South Africa: Lockdown Has Left South Africa Drowning in Debt

The now closed Khayelitsha Field Hospital developed by MSF to support the nearby Khayelitsha District Hospital to cope with the pressures of peak COVID-19 transmission in the Western Cape (file photo).

New studies of the impact of lockdown on the economy paint the picture of a country locked in a downward spiral of rising joblessness and debt.

In a recent survey, debt counselling firm DebtBusters found that the debt holiday offered by the banks at the start of the lockdown in late March 2020 had added R20.7 billion to the debt of the estimated 1.6 million South Africans who took advantage of this.

Those who accepted the three month repayment holidays offered by the banks, and suspended their payments on car, mortgage and personal loans, will end up paying on average an extra R30,100 on top of what they already owed, according to the results of the study

"In a country as over-indebted as South Africa, especially at a time when the economy is contracting, this is enough to push people who were just about making ends meet into a situation where their debt-to-income ratio is unsustainable," says Benay Sager, DebtBusters' Chief Operating Officer.

Credit bureau TransUnion issued a report in July on the financial impact of Covid-19 on consumers, showing 77% of consumers had been hit, following 84% in June. By August, 21% of those surveyed reported losing their jobs as a result of the pandemic, compared with 10% in April. Nearly nine out of ten of them said they were concerned about their ability to pay loans and bills.

The TransUnion July 2020 survey found that while younger people were hardest hit by job loss, older people were also feeling the pain. Even those who have jobs often find it very hard to save. The average salary in SA is R22,400, according to StatsSA's Quarterly Employment Survey for the first quarter of 2020 (this counts only people who have jobs). But a July 2020 survey by ADNA Global involving 8,355 adults found that only a third of South Africans are currently saving anything at all.

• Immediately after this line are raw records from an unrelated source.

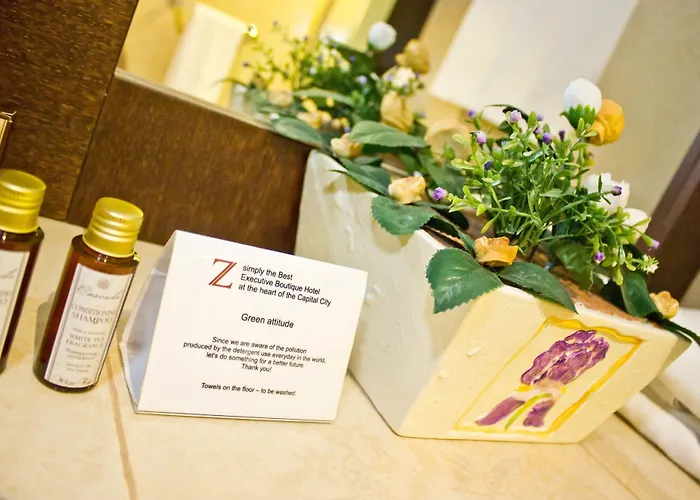 Z Executive Boutique Bukareszt
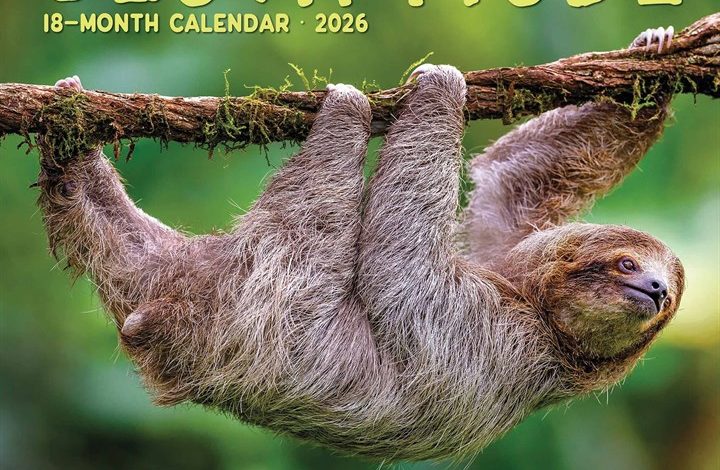 Sloth Mode Calendar 2026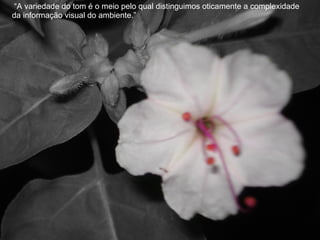 “ A variedade do tom é o meio pelo qual distinguimos oticamente a complexidade da informação visual do ambiente.” 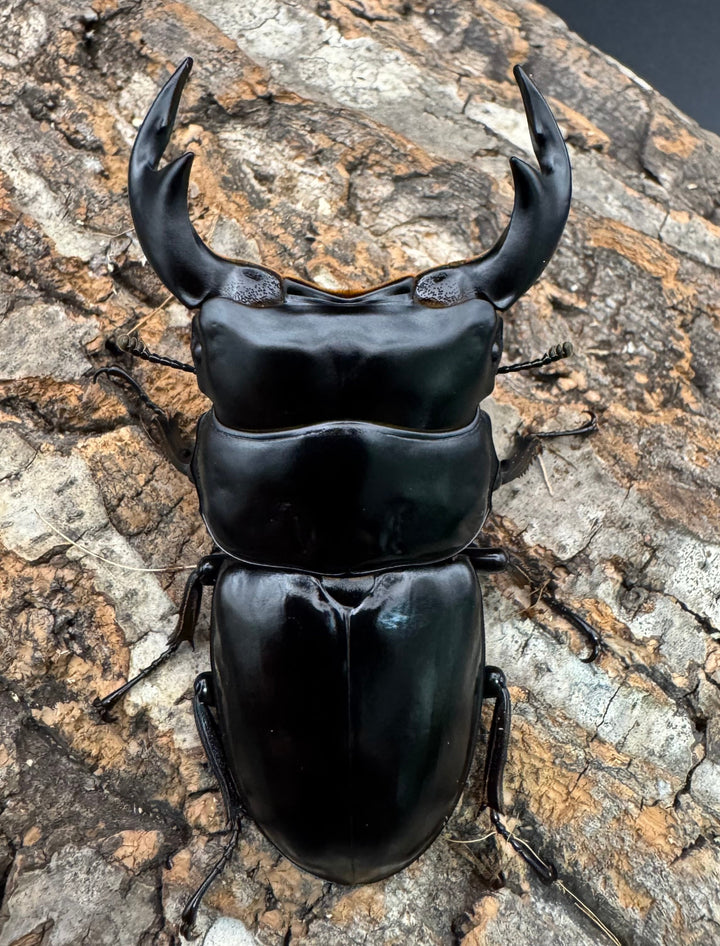 《インドアンタエウス サディア産 78mm ペア》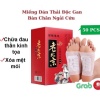 Miếng dán ngải cứu thải độc chân lão bắc kinh lao beijing set quà tặng gia - ảnh sản phẩm 1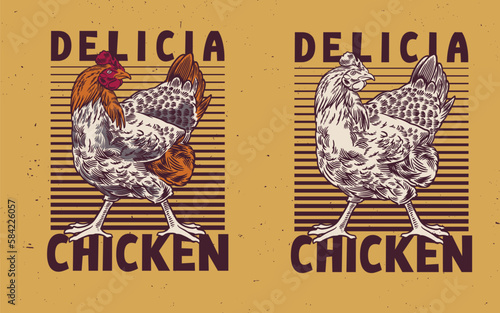 Rooster, poultry vintage logo, retro print, poster for Butchery meat shop with text typography
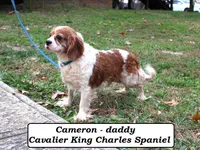 Brett, a male Cavapoo for sale in Clarkrange, TN – 6 of 6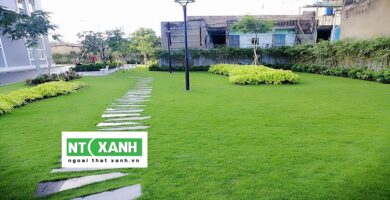 Dịch Vụ Trồng Cỏ Sân Vườn Ở Bình Dương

A representative survey completed in early August of 500 South Africans by PayCurve, a financial technology platform, found many were taking second jobs and expensive short-term loans to make ends meet after three months into the lockdown. This additional funding was needed for emergencies such as medical expenses and car repairs. Some 11% of respondents said they spent more than half their monthly income on short-term debt repayments, with 43% paying more than 20% of their monthly earnings to short-term debt.

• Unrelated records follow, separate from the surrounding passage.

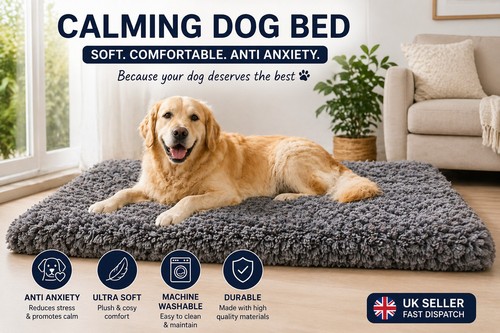 Large calming dog - calming, xxl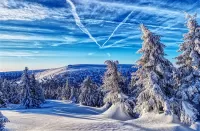 Пазл Зима в Чехии
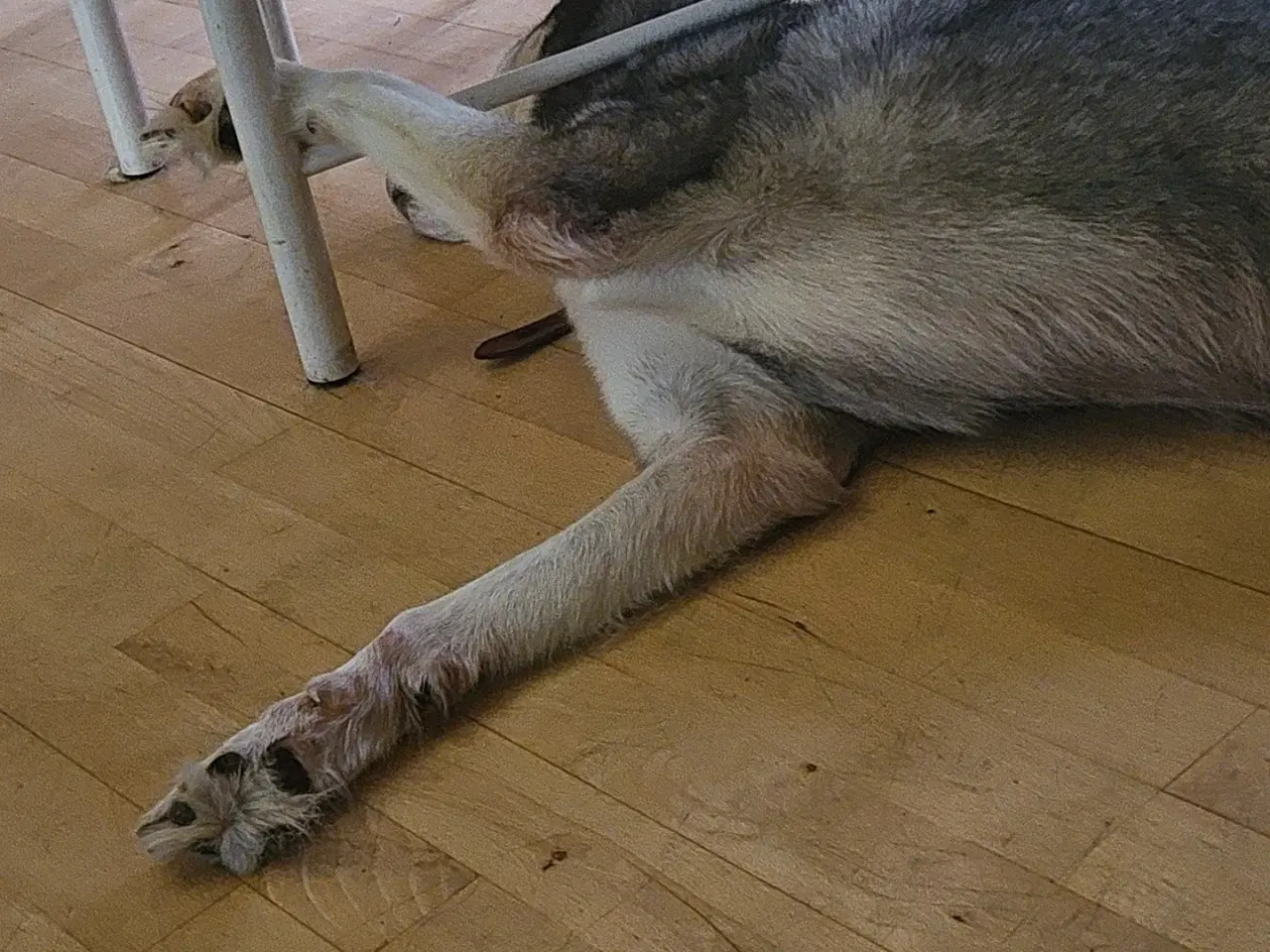 Billede 3 - Hund Husky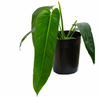 Philodendron Amazon spirit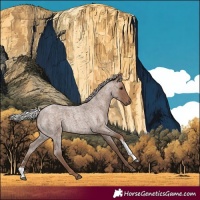 Horse Color:Silver Blue Roan Sabino 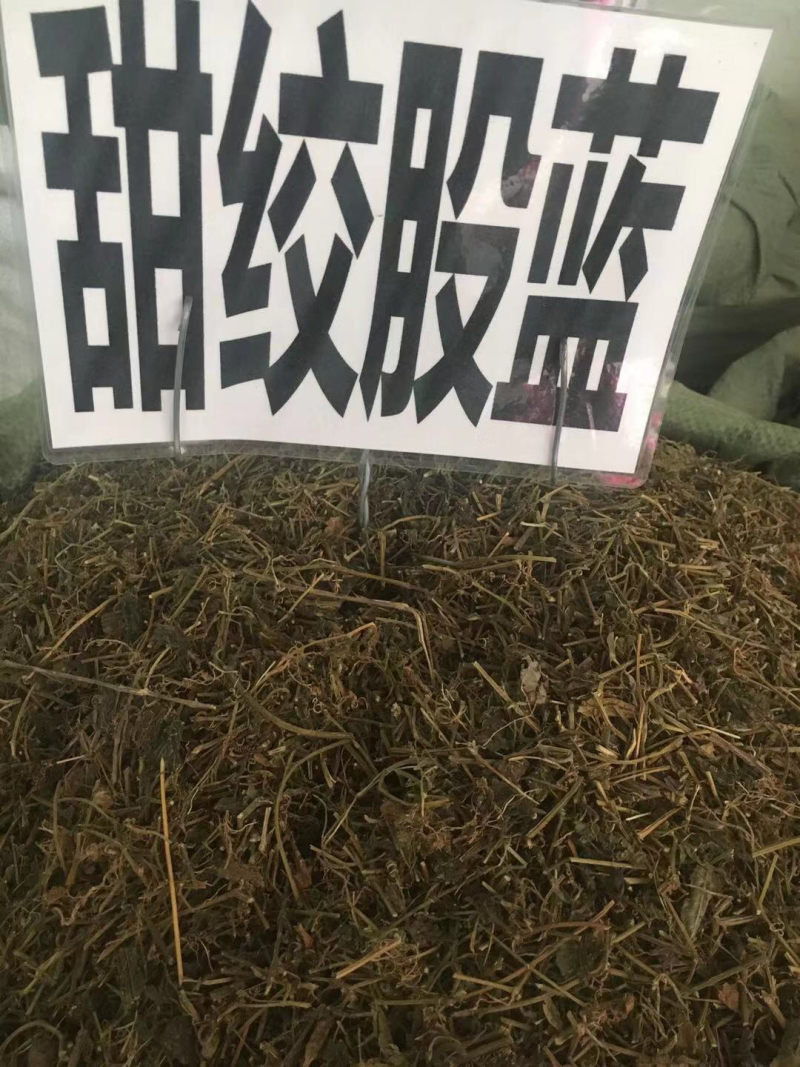 广西甜绞股蓝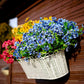 Rainproof Lifelike Artificial Flowers With UV-Shield Coating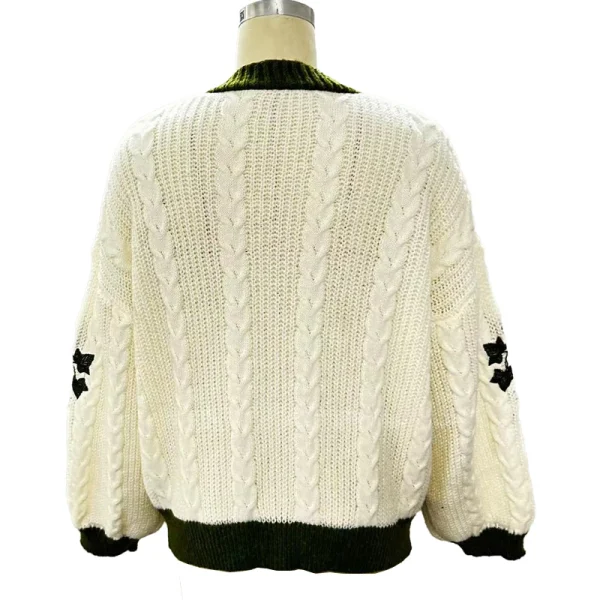 Evermore Cardigan Taylor Version Green Vine Embroidered Button Down Cable Knit Sweater - Image 6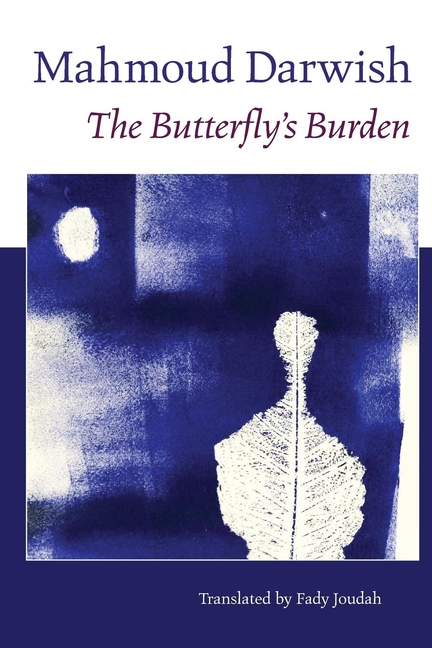 sqEWFfrt1NEsize640 The Butterfly’s Burden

In a 2019 study, the National Credit Regulator (NCR), which tracks all forms of debt, found that unsecured debt had quadrupled to more than R220 billion over the last decade. This is one of the key reasons behind the adverse credit ratings accumulated by four out of ten South Africans. The NCR has not done any studies of indebtedness since late last year - the next study will be available only in October - but the situation is likely to have worsened considerably during the lockdown.

As incomes have fallen, many households are trying to make ends meet with unsecured lending, according to DebtBusters' debt index for the second quarter of 2020.

The current level of consumer debt is unsustainable, says Raeesa Gabriels, founder of fintech company Level Finance. "SA has a poor savings record because of the way the financial industry is structured. It chooses to throw new debt on top of old debt. The worst thing is that many of the poorest people in the country end up in the hands of loan sharks, where the interest rates are exorbitant."